Je me souviens ce soir d’Ingrid Naour, des revues qu’elle dirigeait avec Pierre Drachline, ces trois numéros de la revue « Faire-part » publiés au début des années 80 que j’ai lus et relus comme on revient au port des origines, de ce désir de faire quelque chose qui pourrait ressembler à ça. On y lisait Léo Ferré, Jean-Claude Pirotte, André Frédérique, Maurice Blanchard, André Laude, Jean-Pierre Begot ou Patrice Repusseau…

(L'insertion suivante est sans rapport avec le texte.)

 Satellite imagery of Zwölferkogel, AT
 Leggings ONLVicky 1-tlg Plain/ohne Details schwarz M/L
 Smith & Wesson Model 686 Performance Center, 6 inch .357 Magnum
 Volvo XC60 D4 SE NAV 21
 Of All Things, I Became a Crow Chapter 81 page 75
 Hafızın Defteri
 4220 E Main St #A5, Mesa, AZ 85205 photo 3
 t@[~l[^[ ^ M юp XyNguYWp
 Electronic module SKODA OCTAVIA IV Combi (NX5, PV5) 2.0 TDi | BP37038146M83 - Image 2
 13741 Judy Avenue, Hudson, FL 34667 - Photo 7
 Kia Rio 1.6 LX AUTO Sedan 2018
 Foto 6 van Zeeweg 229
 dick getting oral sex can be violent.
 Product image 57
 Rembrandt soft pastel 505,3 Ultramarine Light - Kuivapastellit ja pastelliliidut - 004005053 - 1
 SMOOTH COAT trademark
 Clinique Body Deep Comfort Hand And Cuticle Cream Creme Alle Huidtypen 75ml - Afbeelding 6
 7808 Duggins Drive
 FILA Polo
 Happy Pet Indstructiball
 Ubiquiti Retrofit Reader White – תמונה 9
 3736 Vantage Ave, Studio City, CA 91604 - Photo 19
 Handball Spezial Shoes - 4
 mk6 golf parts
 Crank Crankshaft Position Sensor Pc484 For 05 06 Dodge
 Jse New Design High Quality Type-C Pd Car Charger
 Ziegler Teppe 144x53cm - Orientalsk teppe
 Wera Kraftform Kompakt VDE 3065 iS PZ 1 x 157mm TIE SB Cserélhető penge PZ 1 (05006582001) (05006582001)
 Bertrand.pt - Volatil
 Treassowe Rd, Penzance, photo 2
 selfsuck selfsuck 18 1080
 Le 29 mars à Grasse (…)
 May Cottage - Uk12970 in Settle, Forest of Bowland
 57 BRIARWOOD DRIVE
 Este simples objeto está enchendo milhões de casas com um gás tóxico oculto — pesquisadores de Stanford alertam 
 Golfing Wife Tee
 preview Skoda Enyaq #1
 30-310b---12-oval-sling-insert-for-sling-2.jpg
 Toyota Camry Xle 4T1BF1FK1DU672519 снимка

La prose d’Ingrid Naour était tellement désespérée que je ne pouvais que l’imaginer morte. Pourtant, il y trois ou quatre ans je suis tombé sur un bouquin d’elle en chinant pour la bouquinerie, « Le bar des menteurs, éd. Le Cherche midi ». Dans un bar de Noirmoutier, elle restitue Les voix fortes, les éclats de rires fraternels ou presque,  la gouaille populaire de ces « marins du zinc, rêveurs définitifs, inactifs surmenés, grandes gueules au verbe haut et au cœur tendre » qui noient dans l’ivresse une irréparable fêlure.

« Mon enfance est une tumeur inopérable. Elle fait écran entre moi et le bonheur. Ma disparition sera son tombeau. Mais je ne suis pas pressée. J’ai pris goût à ces petits sursis que m’accordent ceux qui me font la grâce de m’aimer telle que je suis. Lestée d’angoisses et d’incertitudes. »

« La réalité, c’est comme la morale. C’est toujours celle des plus nombreux qu’on veut t’imposer. »

J’ai pensé en lisant ce bar des menteurs à cette évocation du poète André Laude (« Un poète, un lieu de haute solitude ») dans les compagnons du verre à soif  de François Vigne, aussi aux éditions du Cherche-midi que dirigeait Drachline, le compagnon de Naour. François Vigne qui écrivit : « Écrire c’est une façon d’aller au rendez-vous de la mélancolie ».

Et qui se souvient de Stephan Reggiani suicidé à 34 ans, le fils de Serge qui dira à son enterrement « le vrai chanteur dans la famille, c’était toi ». Le bar des menteurs n’est pas loin dans la déprime de ce rigolo.